*What you need to do*
Each record here should be printed again exactly; please leave its pictures out.

[Stored items from a collection]
-*-

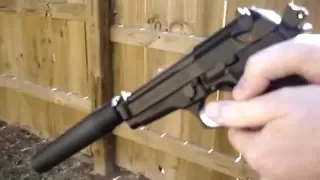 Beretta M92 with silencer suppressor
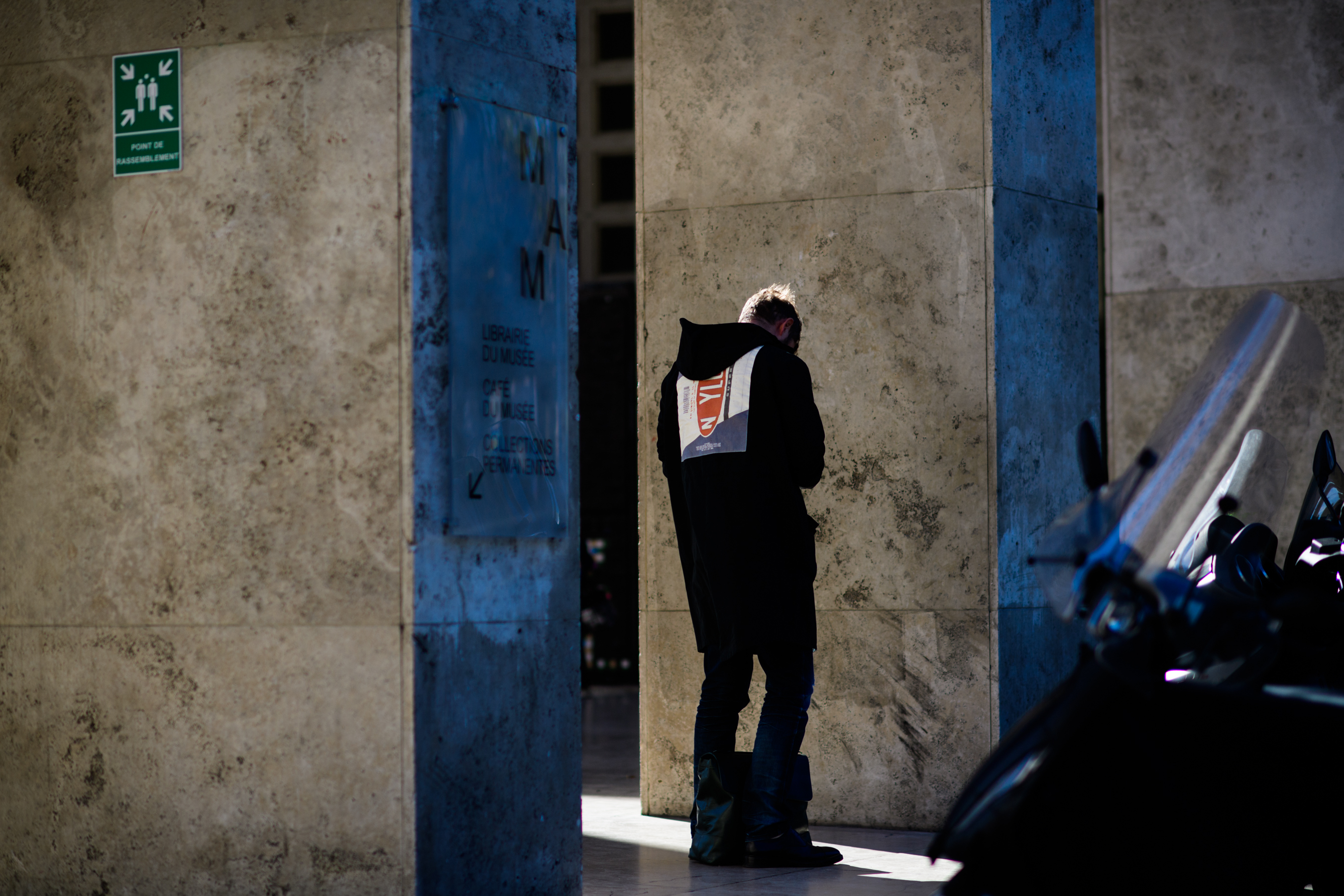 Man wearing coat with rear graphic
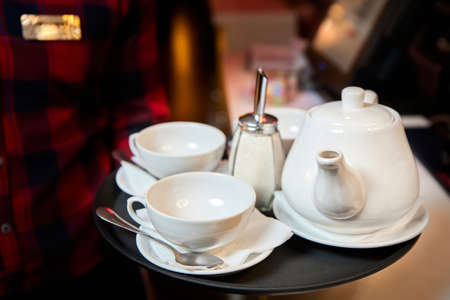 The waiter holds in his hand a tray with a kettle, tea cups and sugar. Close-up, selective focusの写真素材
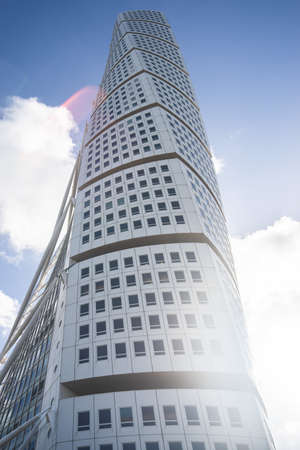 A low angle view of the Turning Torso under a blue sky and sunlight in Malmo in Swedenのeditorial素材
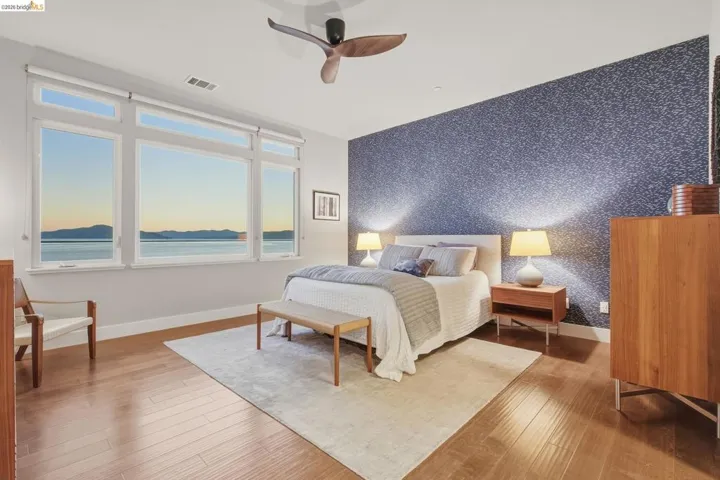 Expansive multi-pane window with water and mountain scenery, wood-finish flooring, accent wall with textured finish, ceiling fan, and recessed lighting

-*-

*Answer space*
 Beretta M92 with silencer suppressor
 Man wearing coat with rear graphic
 The waiter holds in his hand a tray with a kettle, tea cups and sugar. Close-up, selective focusの写真素材
 A low angle view of the Turning Torso under a blue sky and sunlight in Malmo in Swedenのeditorial素材
 Expansive multi-pane window with water and mountain scenery, wood-finish flooring, accent wall with textured finish, ceiling fan, and recessed lighting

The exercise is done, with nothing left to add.